Turkish navy says Oruc Reis research vessel that was scheduled to end its work on Thursday will now remain at sea until October 27.

Turkey says it is extending a gas exploration mission in the disputed Eastern Mediterranean in a move likely to further escalate tensions in the region, defying warnings from Greece and the European Union.

The Oruc Reis research vessel was scheduled to end its work on Thursday, but will now remain at sea until October 27, the Turkish navy said in a NAVTEX maritime announcement.

Two other vessels, the Ataman and Cengiz Han, along with Oruc Reis, will also work in an area southeast of the Greek island of Rhodes, according to the announcement.
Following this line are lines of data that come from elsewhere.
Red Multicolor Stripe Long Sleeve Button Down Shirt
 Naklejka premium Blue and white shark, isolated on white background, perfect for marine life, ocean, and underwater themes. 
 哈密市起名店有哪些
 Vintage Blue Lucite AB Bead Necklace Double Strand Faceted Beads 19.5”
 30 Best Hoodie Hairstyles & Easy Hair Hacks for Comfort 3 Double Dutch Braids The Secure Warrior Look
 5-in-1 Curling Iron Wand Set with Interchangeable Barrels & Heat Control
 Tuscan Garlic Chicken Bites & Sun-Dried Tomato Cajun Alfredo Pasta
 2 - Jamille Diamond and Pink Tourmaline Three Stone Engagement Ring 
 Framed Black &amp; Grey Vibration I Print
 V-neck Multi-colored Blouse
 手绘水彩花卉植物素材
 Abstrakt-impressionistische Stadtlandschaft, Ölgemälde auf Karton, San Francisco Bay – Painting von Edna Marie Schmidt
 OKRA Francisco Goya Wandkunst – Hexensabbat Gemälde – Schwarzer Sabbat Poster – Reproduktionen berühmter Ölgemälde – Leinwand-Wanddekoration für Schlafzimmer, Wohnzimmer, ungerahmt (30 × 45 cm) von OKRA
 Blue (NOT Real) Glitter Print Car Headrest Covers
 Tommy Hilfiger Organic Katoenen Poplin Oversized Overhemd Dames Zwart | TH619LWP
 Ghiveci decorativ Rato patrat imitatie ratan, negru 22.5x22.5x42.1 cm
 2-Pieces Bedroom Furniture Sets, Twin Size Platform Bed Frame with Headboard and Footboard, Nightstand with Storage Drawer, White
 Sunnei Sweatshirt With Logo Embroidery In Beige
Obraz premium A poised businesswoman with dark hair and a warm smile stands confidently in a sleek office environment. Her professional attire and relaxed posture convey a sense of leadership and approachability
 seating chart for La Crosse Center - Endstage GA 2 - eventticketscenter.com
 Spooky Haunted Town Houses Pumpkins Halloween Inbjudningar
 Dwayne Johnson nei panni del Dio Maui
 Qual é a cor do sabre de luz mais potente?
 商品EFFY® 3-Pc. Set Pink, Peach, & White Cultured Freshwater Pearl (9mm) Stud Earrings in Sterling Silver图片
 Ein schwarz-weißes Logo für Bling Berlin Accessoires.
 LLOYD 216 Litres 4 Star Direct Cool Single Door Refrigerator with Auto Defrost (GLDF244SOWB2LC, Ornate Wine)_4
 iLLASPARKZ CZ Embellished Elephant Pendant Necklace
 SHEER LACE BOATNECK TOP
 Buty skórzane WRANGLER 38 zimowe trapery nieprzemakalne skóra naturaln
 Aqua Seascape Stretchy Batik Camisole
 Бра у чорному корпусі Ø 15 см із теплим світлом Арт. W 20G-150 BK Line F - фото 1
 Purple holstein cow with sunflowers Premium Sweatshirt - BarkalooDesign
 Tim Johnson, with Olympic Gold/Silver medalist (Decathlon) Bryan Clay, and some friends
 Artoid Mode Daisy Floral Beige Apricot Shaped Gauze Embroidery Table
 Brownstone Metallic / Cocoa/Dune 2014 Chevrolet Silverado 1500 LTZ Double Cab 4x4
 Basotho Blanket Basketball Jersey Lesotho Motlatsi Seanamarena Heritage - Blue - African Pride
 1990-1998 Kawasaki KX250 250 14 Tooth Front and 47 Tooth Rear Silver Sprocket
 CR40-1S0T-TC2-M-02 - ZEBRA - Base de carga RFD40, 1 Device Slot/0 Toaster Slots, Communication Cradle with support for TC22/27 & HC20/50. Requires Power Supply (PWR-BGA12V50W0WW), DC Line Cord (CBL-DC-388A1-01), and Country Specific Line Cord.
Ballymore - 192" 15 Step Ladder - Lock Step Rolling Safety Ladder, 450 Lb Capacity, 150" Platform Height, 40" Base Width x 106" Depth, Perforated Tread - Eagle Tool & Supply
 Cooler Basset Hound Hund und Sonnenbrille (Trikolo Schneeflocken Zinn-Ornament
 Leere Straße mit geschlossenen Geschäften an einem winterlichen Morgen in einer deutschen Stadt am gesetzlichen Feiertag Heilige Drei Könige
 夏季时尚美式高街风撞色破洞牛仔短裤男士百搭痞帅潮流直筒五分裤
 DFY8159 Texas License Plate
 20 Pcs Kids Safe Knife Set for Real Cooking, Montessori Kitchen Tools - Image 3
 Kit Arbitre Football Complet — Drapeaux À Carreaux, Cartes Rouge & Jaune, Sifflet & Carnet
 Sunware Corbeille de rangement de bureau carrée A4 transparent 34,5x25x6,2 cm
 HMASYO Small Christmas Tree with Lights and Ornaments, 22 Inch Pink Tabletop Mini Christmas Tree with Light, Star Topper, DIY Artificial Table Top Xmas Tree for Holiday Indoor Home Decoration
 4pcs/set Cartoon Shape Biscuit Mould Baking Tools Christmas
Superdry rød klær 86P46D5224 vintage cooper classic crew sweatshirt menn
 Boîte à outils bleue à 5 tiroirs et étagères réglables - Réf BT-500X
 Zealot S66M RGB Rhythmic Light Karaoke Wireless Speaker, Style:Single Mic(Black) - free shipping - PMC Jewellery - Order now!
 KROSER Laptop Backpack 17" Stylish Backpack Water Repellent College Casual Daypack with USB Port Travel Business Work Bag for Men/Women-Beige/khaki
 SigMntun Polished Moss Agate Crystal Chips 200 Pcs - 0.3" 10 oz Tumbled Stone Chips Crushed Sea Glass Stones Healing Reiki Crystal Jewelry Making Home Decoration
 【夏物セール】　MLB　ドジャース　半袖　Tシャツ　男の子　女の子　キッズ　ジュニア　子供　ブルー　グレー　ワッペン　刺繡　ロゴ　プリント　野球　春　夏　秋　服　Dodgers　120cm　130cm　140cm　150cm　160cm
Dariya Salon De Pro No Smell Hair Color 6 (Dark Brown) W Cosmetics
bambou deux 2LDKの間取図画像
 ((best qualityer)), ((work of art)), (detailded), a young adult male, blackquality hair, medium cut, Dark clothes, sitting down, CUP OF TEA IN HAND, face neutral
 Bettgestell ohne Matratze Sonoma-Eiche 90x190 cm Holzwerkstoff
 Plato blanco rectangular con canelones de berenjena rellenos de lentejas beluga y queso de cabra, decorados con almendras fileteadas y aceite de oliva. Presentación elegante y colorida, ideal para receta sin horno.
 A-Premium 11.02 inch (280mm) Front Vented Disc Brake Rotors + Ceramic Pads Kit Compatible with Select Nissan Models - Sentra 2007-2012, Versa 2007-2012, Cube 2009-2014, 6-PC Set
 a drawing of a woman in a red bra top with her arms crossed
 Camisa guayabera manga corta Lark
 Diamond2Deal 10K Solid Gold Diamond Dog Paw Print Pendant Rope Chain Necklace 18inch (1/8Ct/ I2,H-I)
NATO members Turkey and Greece are at odds over conflicting claims to hydrocarbon resources in the Eastern Mediterranean and overlapping views on the extent of their continental shelves.

Tensions flared in August when Ankara sent Oruc Reis to waters also claimed by Greece and Cyprus.

Ankara had withdrawn Oruc Reis last month to “allow for diplomacy” before an EU summit at which Cyprus sought sanctions against Turkey, but sent it back this month, prompting an angry rebuke from Greece, France and Germany.

After the summit, the bloc said it would punish Turkey if it continued its operations in the region – a move Ankara said led to a further strain in Turkey-EU ties.

Clashing claims

Athens says Ankara is breaking the international law by prospecting in Greek waters, including near the island of Kastellorizo.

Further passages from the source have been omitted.